# RECORDS FOR THIS TASK:
--

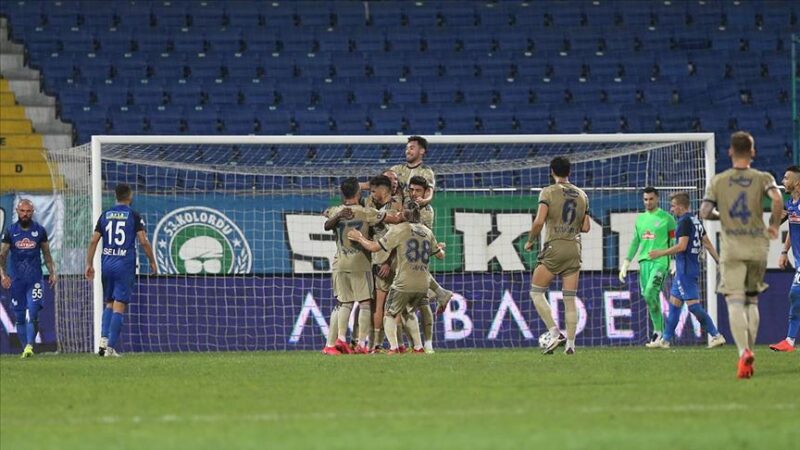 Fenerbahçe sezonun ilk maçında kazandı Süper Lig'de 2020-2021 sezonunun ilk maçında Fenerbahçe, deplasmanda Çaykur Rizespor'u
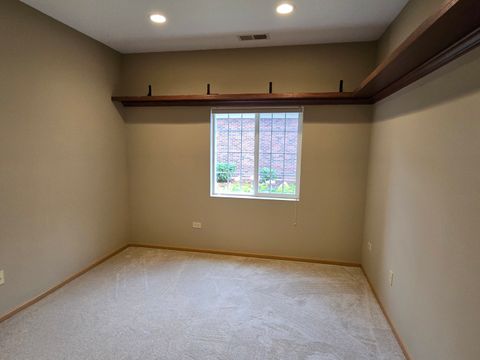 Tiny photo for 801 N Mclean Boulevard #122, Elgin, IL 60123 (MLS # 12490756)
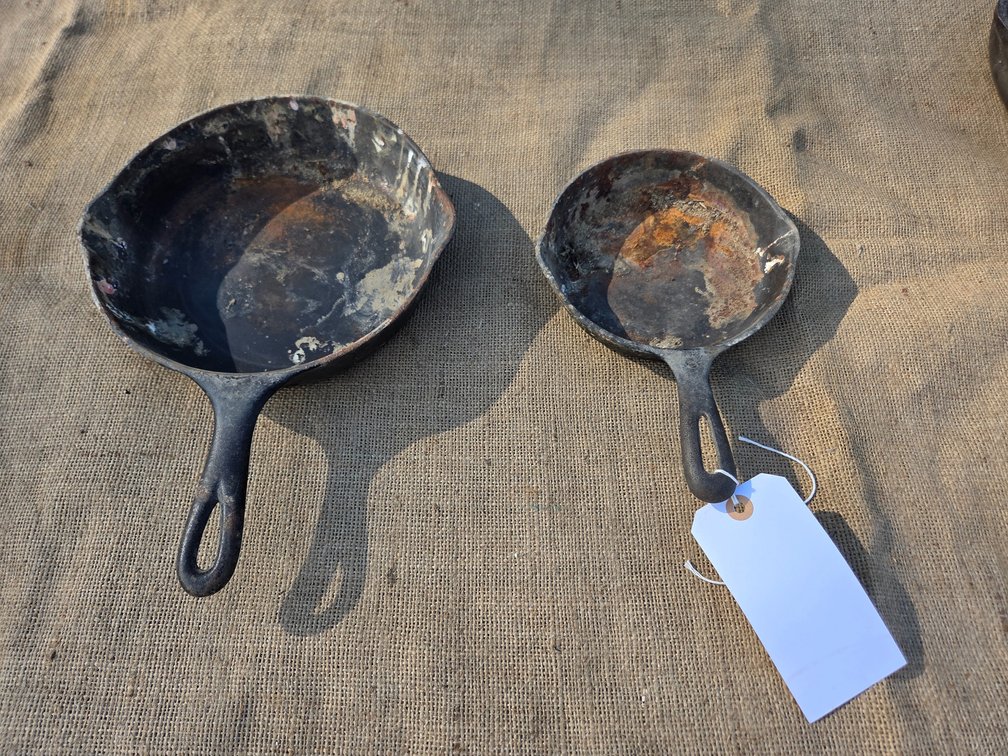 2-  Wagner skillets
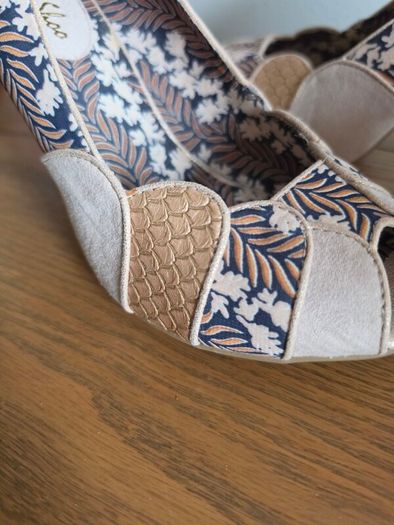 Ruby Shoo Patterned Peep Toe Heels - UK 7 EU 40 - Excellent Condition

--

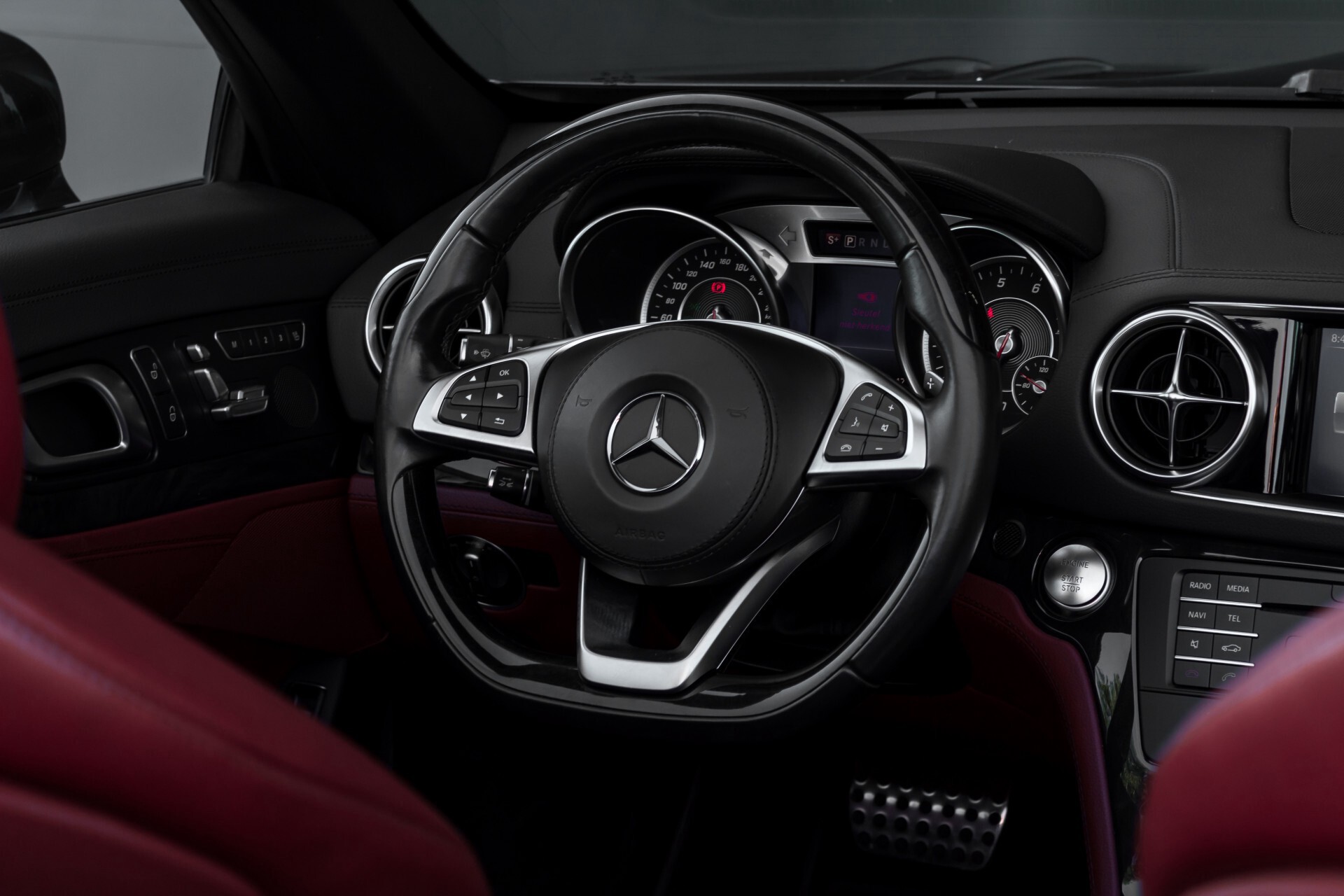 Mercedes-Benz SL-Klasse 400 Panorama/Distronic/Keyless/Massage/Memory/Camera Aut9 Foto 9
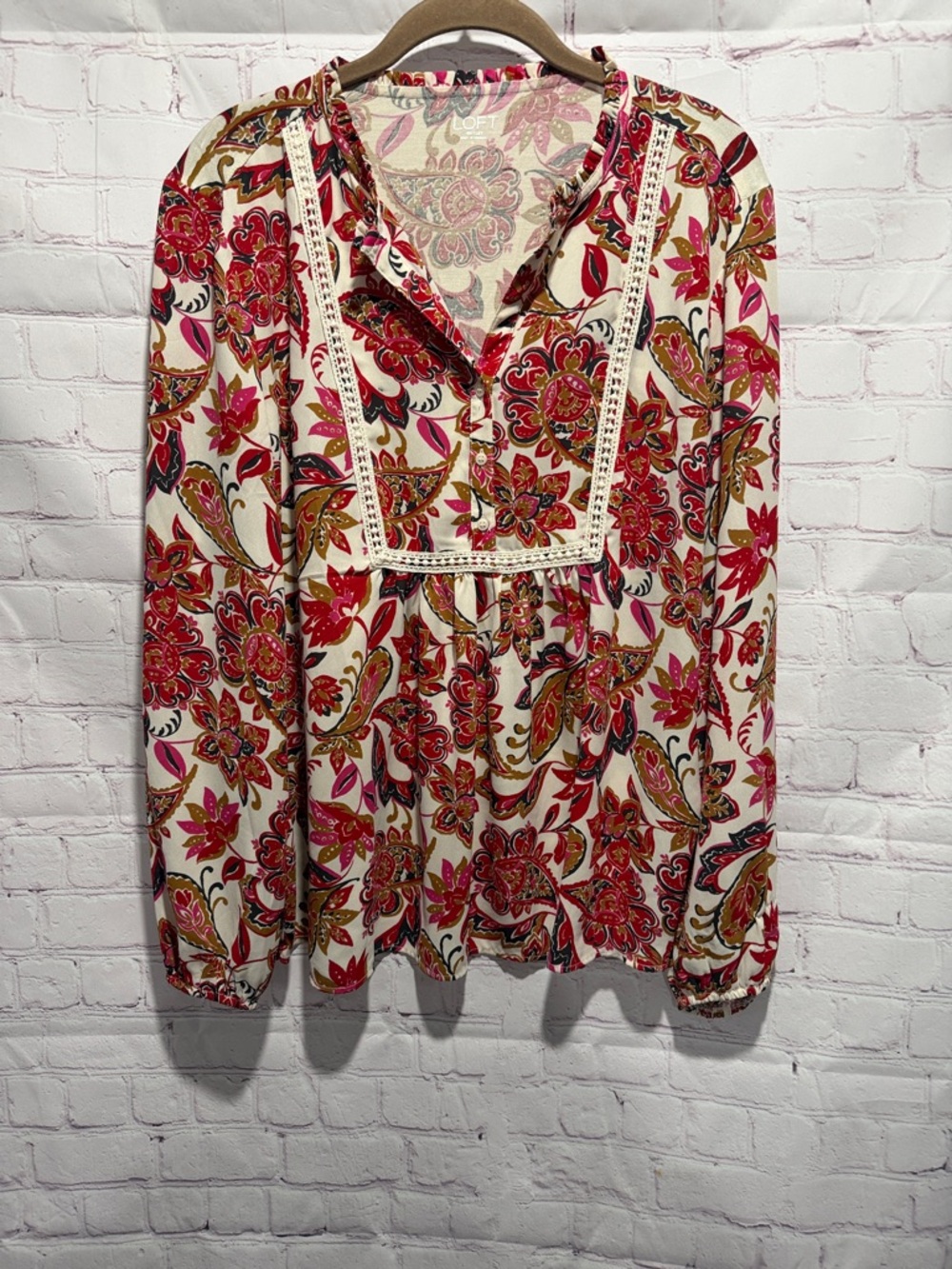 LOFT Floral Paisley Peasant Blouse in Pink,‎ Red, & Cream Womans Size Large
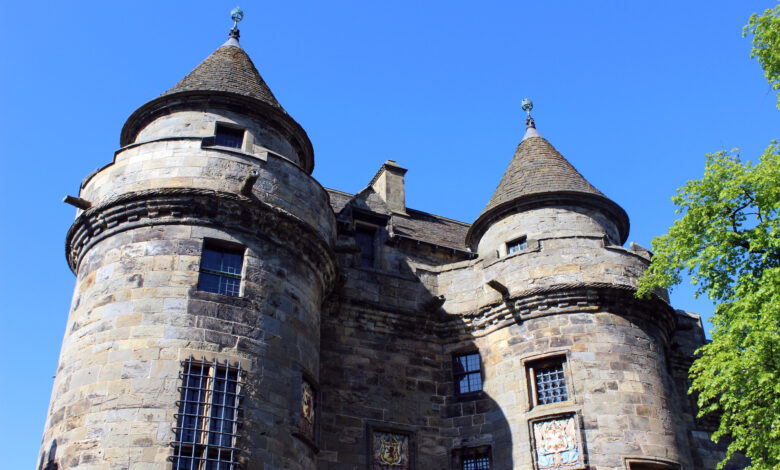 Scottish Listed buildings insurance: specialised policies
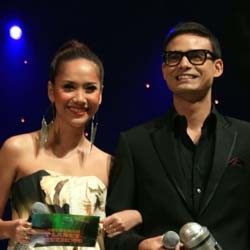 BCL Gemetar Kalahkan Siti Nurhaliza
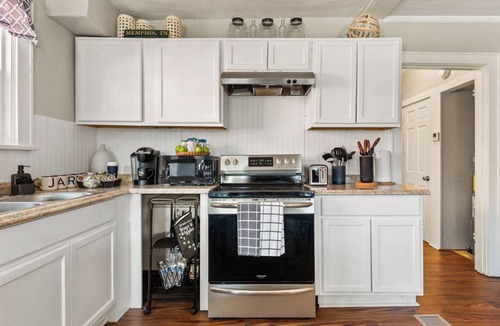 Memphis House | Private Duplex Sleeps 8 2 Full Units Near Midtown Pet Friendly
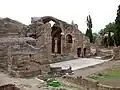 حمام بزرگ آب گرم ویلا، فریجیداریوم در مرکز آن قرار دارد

--

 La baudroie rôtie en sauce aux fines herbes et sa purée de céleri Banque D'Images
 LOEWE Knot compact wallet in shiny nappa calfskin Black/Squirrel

--

# AIM OF THE TASK:
Taking the entries above, copy word for word the lines from the one with "Fenerbahçe sezonun ilk" up to and including the one with "Ruby Shoo Patterned", without any picture.

# EXPECTED OUTPUT:
 Fenerbahçe sezonun ilk maçında kazandı Süper Lig'de 2020-2021 sezonunun ilk maçında Fenerbahçe, deplasmanda Çaykur Rizespor'u
 Tiny photo for 801 N Mclean Boulevard #122, Elgin, IL 60123 (MLS # 12490756)
 2-  Wagner skillets
 Ruby Shoo Patterned Peep Toe Heels - UK 7 EU 40 - Excellent Condition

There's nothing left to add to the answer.